To accelerate the industrialization of this system and expedite the commercialization of other research achievements from Peking University’s Interdisciplinary Research Center for Biomedical Sciences, Beijing 34 Technology Co., Ltd. was established under the leadership of the center’s faculty member responsible for industry-academia-research collaboration. The company is specifically tasked with managing the incubation and technology transfer of the center’s outcomes.

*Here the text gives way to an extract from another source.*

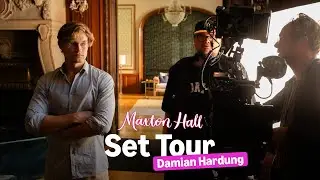 Damian Hardung Takes You On A Set Tour Of Maxton Hall | Maxton Hall Season 2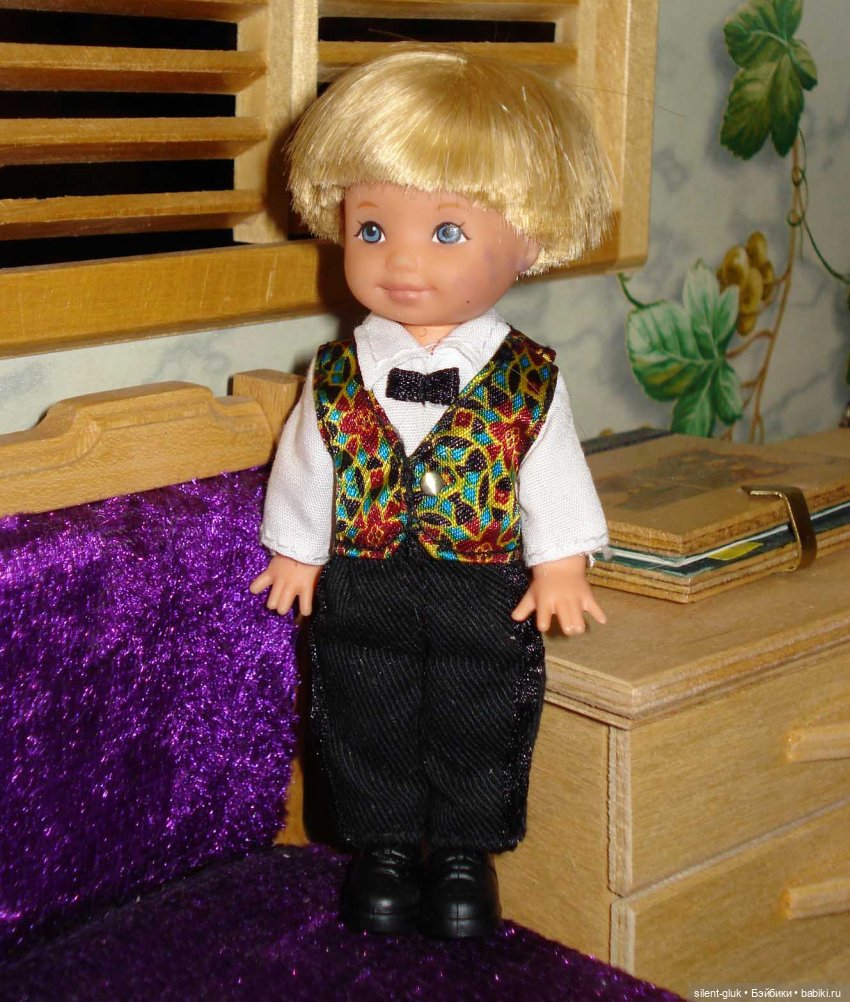 Стасик — Игровые куклы разных производителей (Разное): редкие бренды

According to Fu Xiaoyan, the head of industry-academia-research collaboration at the center, all research projects are initiated based on practical needs arising from clinical and basic medical issues. The research team comprises faculty members and students from Peking University’s disciplines of life sciences, physics, chemistry, environmental science, information science, and engineering, as well as clinical experts from Peking University Hospital. The aim is to leverage complementary strengths across disciplines, integrate advanced scientific technologies with the practical demands of clinical medicine, and address clinical challenges.
In addition to the MR-based intelligent auxiliary diagnosis platform for prostate cancer, the center’s achievements include a series of new magnetic resonance imaging (MRI) technologies, novel auxiliary diagnostic methods based on medical imaging and signals, and a new generation of physical therapy treatments centered on low-temperature plasma and pulse technologies. 34 Technology has currently acquired the intellectual property rights for some of these technologies, including the intelligent auxiliary diagnosis system, from Peking University.
34Tech is also a startup. It incubates ventures with an investor’s mindset and invests with an entrepreneur’s spirit. The company is seeking creative, like-minded partners to join its entrepreneurial journey, aiming to transform more laboratory research achievements into a key driving force for technological innovation in the healthcare industry.
Meanwhile, 34 Tech is also seeking stakeholders in the medical industry, including investment firms specializing in early-stage healthcare projects, experienced entrepreneurial teams with operational expertise, and other large or mid-sized medical companies. Leveraging the achievements of the Peking University Interdisciplinary Research Center for Life Sciences as a foundation for entrepreneurship, 34 Tech aims to co-establish new ventures with entrepreneurial teams and investors to facilitate the commercialization of research outcomes.